In the original version from Old French Prose Tristan, the episode has some differences. Like in the later variants, Arthur is saved at the last moment. Here, Tristan seizes an unnamed young woman after killing one of the two knights with her and wounding the other, and the freed Arthur immediately cuts off her head and finishes off the wounded knight. The King then explains how she had come to his court and offered to lead him to the knight named Saliel who had murdered one of his relatives. But after this done, she had led him to her tower and had him bewitched with a ring placed on his finger.
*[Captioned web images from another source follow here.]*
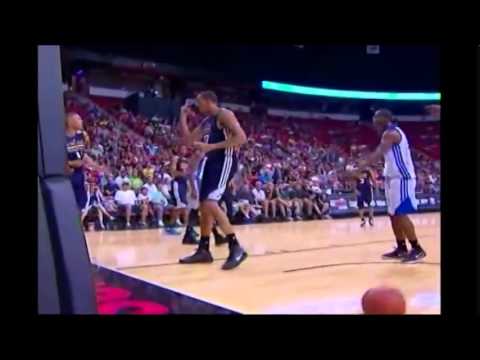 Dante Exum Summer League Highlights vs 76ers 07-12-14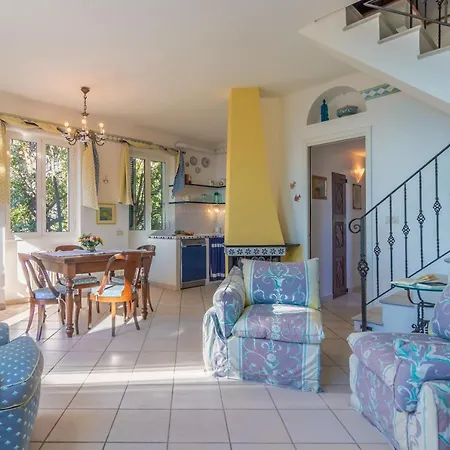 Casa Celeste Apartment Camogli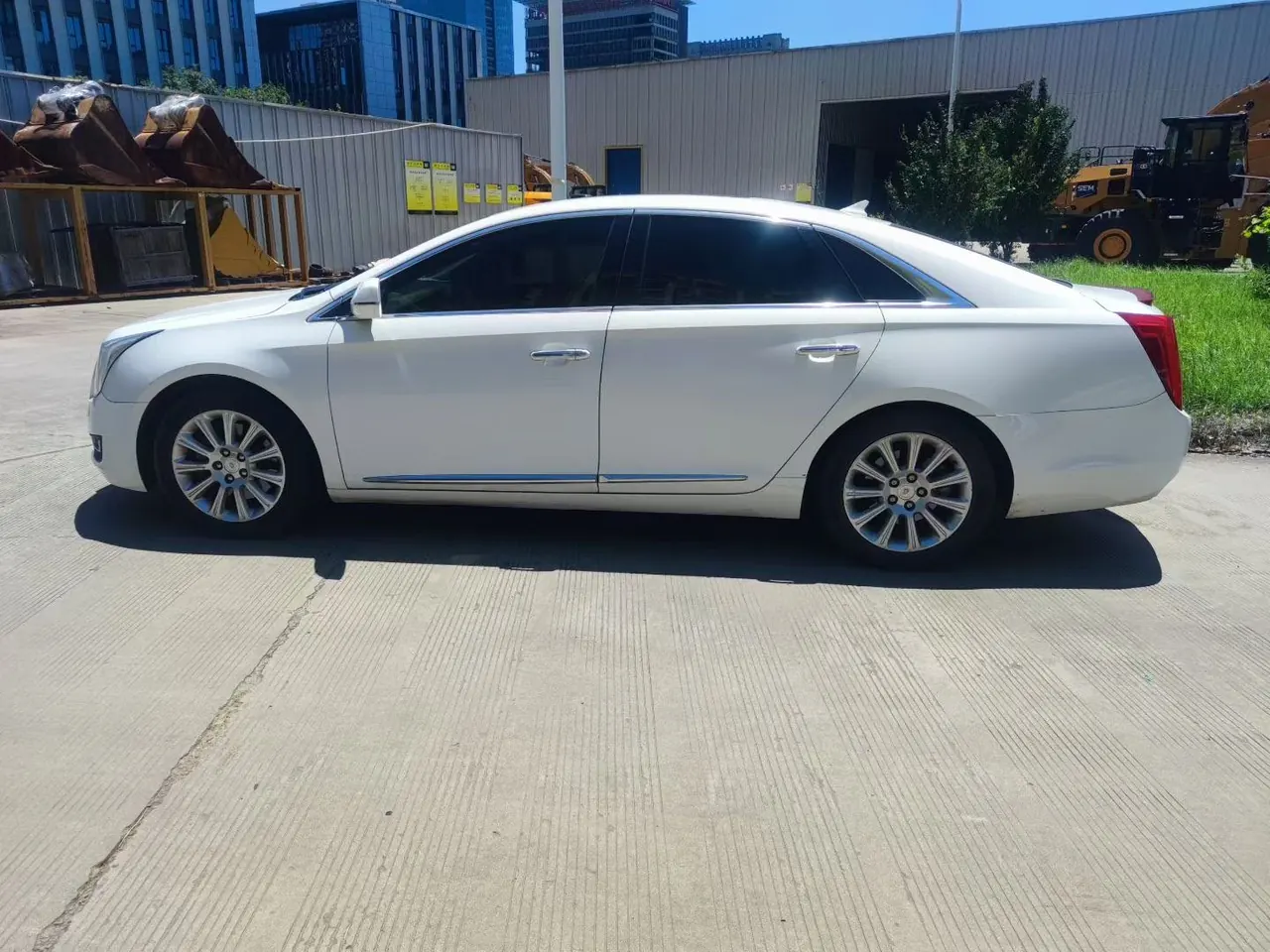 Geely Galaxy 2026 xingyao 7 EM-i 1.5 230km two-wheel drive sailing version automatic gear 8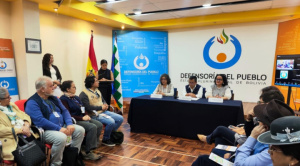 Mesa de análisis de la conflictividad pide evitar la violencia, desinformación e intolerancia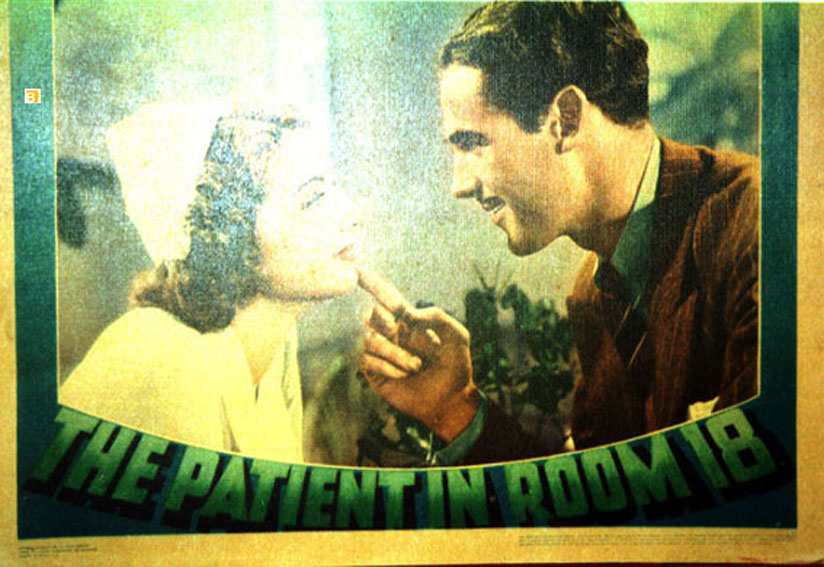 PATIENT IN ROOM 18, THE
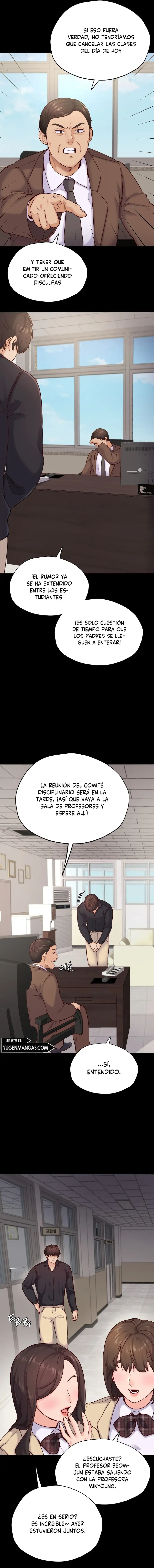 ¡No en la Escuela! - Capítulo 32 - Página 5 - LectorTMOo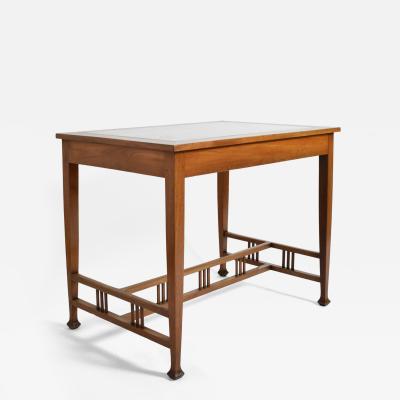 Arts and Crafts console table 1910s 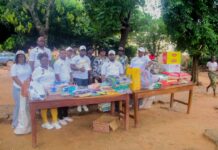 Bénin : l’ONG Tous Scorpion couronne ses actions humanitaires dans l’Atacora et la Donga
One day, a damsel of the Lady of the Lake arrived and removed the spell, urging Arthur to take the head of the enchantress. But when Arthur attempted this, the sorceress called her two brothers, who were about to kill him when Tristan appeared just in time.

In the Tavola Ritonda, Arthur then tries to have Elergia's castle razed, but finds out it cannot be pulled down; according to Merlin's prophecy, as such a sinful place, that castle would stand until the end of the world, the fall of its great central tower signaling the apocalypse. Elergia's mother, who in her grief becomes the "saddest woman in the world", later obsessively plots revenge on Arthur and all the wandering knights. Escorducarla sends her lover Sir Lasancis (messer Lasancis) with an enchanted lance to trap and burn Tristan, Arthur, and the others in order to avenge her daughter's death, but Tristan defeats him. The tale of Lasancis is also told in the eponymous poem Cantare di Lasancis.

== In modern culture ==
The story was adapted into a 1870 anonymous poem titled "The Temptation of Arthur". Annowre appears in Clemence Housman's 1905 novel The Life of Sir Aglovale de Galis, in which Sir Durnor sends her to enchant and have her way with Aglovale, who spends a hard night with "the whore Annowre" against his will; later, Percivale tells the news of "King Arthur's coming to Cardiff on adventure, and of his ending of the wicked Annowre." Nimue mentions her saving of Arthur from "that poor, love-crazed enchantress Annowre" in Phyllis Ann Karr's 1982 novel The Idylls of the Queen: A Tale of Queen Guenevere, in which Morgan also mentions Annowre among her "old cohorts".